Given information »

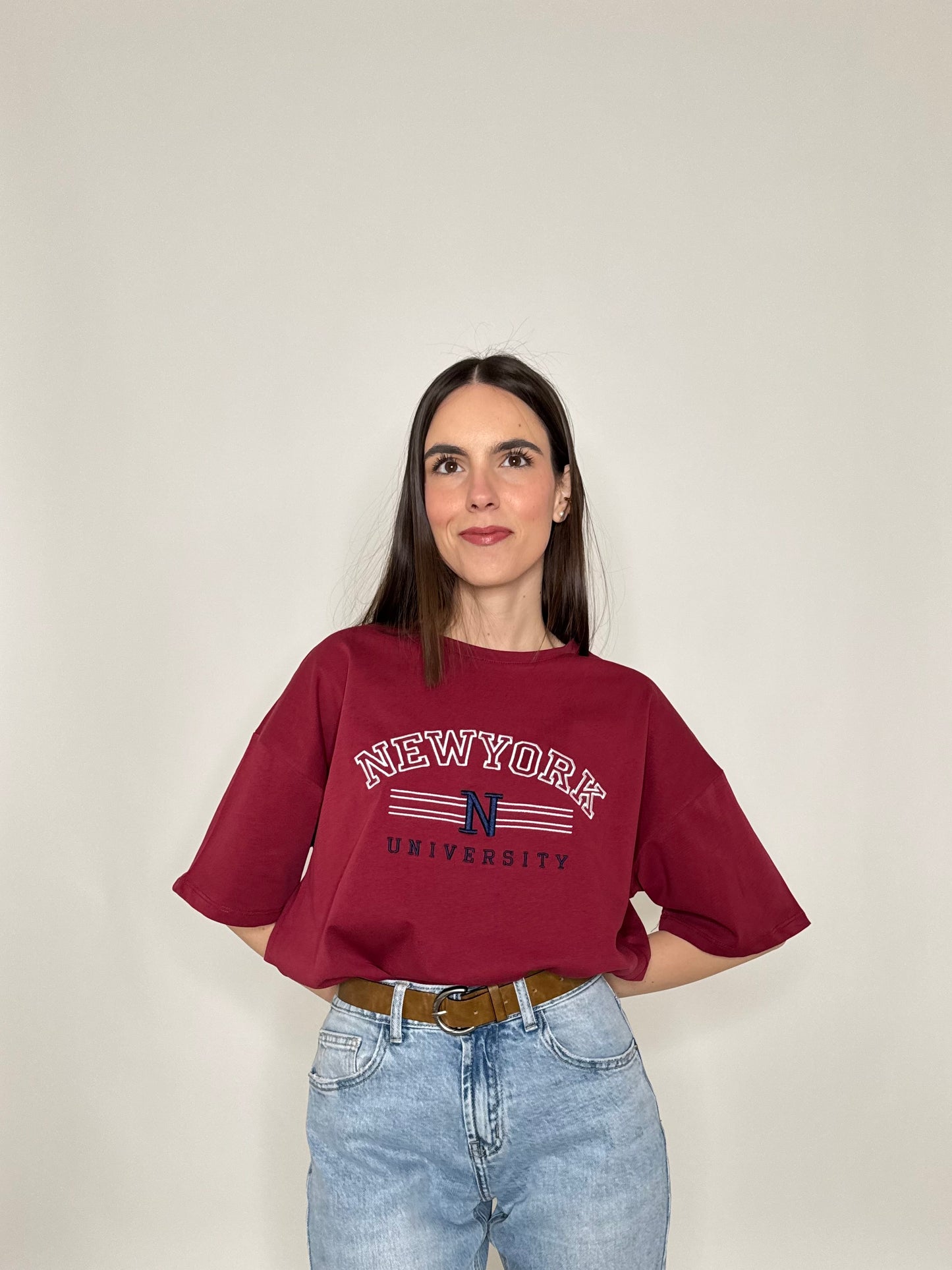T-shirt in cotone "New York - University"  Bordeaux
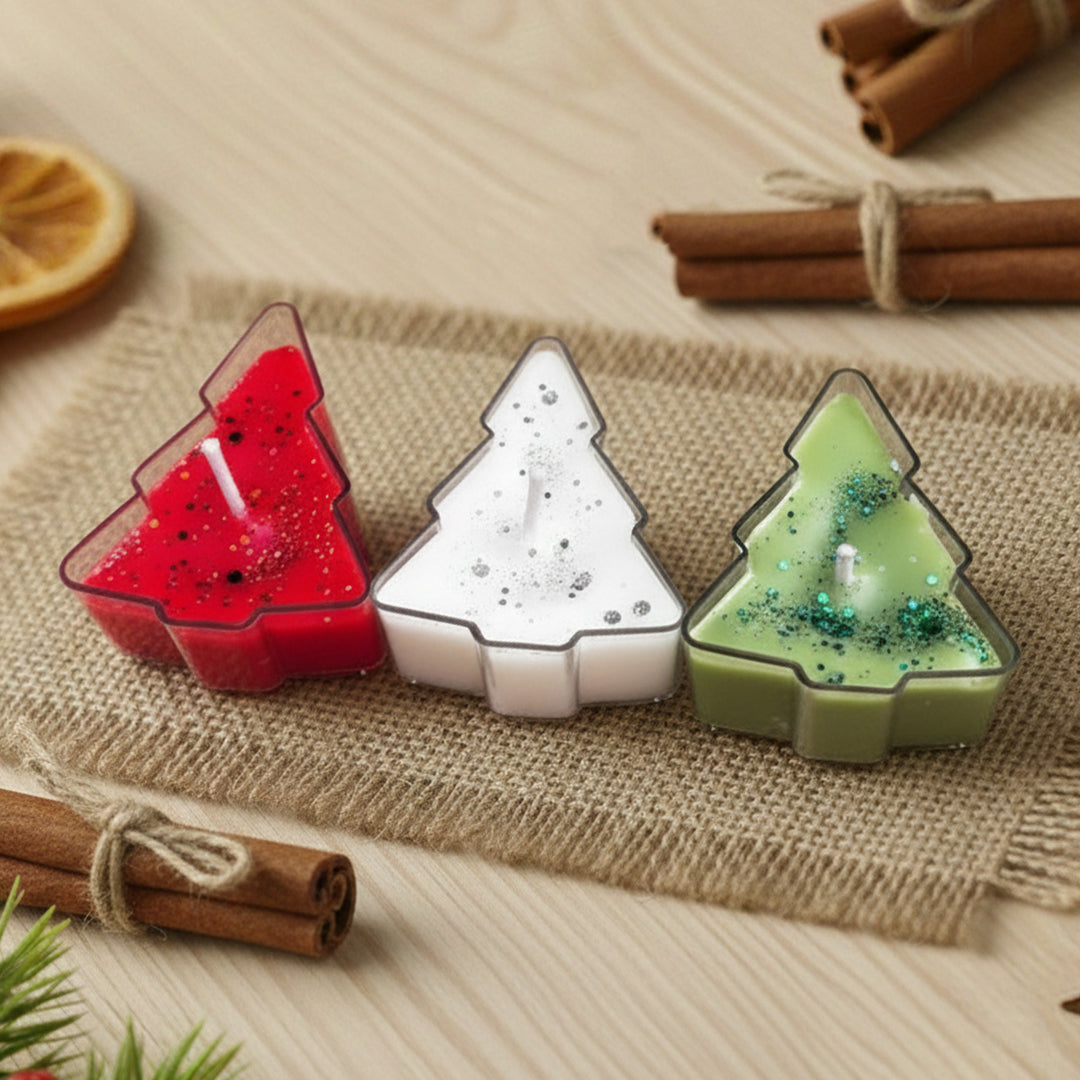 3 Pc | Handmade Red, Green & White Xmas Tree Soy Wax Candles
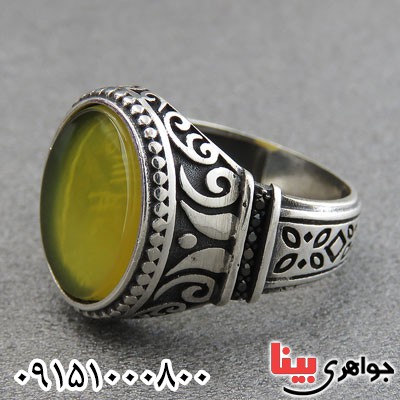 انگشتر عقیق شرف الشمس مردانه خوشرنگ میکروستینگ زیبا _کد:28958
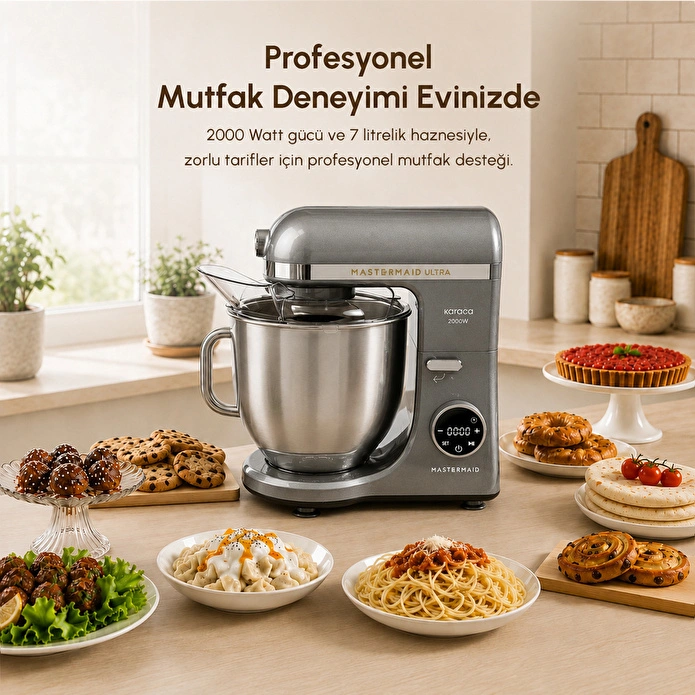 Karaca Mastermaid Chef Ultra D2000W Dijital Ekranlı Hamur Yoğurma Makinesi Galaxy Grey 7L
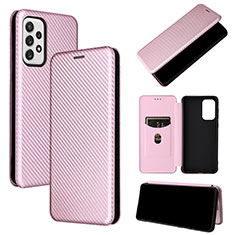 Custodia Portafoglio In Pelle Cover con Supporto L04Z per Samsung Galaxy A73 5G Oro Rosa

Exercise goal » The records above must be repeated exactly, minus their pictures.

Expected answer »
T-shirt in cotone "New York - University"  Bordeaux
 3 Pc | Handmade Red, Green & White Xmas Tree Soy Wax Candles
 انگشتر عقیق شرف الشمس مردانه خوشرنگ میکروستینگ زیبا _کد:28958
 Karaca Mastermaid Chef Ultra D2000W Dijital Ekranlı Hamur Yoğurma Makinesi Galaxy Grey 7L
 Custodia Portafoglio In Pelle Cover con Supporto L04Z per Samsung Galaxy A73 5G Oro Rosa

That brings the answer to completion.